» **Task description**: Exact copies of all the records are to be printed.

Short web captions
%%

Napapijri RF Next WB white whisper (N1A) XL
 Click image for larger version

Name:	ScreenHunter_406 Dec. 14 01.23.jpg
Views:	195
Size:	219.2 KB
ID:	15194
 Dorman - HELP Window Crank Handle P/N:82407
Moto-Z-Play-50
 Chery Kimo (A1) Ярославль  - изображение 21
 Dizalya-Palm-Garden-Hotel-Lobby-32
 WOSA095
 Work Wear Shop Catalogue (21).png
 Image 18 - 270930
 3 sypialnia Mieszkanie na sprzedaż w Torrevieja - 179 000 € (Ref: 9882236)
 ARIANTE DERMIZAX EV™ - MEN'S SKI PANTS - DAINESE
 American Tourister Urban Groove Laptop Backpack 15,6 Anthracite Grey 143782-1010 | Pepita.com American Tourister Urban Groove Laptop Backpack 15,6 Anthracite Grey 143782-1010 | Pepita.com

%%

» **Exercise result**:
Napapijri RF Next WB white whisper (N1A) XL
 Click image for larger version

Name:	ScreenHunter_406 Dec. 14 01.23.jpg
Views:	195
Size:	219.2 KB
ID:	15194
 Dorman - HELP Window Crank Handle P/N:82407
Moto-Z-Play-50
 Chery Kimo (A1) Ярославль  - изображение 21
 Dizalya-Palm-Garden-Hotel-Lobby-32
 WOSA095
 Work Wear Shop Catalogue (21).png
 Image 18 - 270930
 3 sypialnia Mieszkanie na sprzedaż w Torrevieja - 179 000 € (Ref: 9882236)
 ARIANTE DERMIZAX EV™ - MEN'S SKI PANTS - DAINESE
 American Tourister Urban Groove Laptop Backpack 15,6 Anthracite Grey 143782-1010 | Pepita.com American Tourister Urban Groove Laptop Backpack 15,6 Anthracite Grey 143782-1010 | Pepita.com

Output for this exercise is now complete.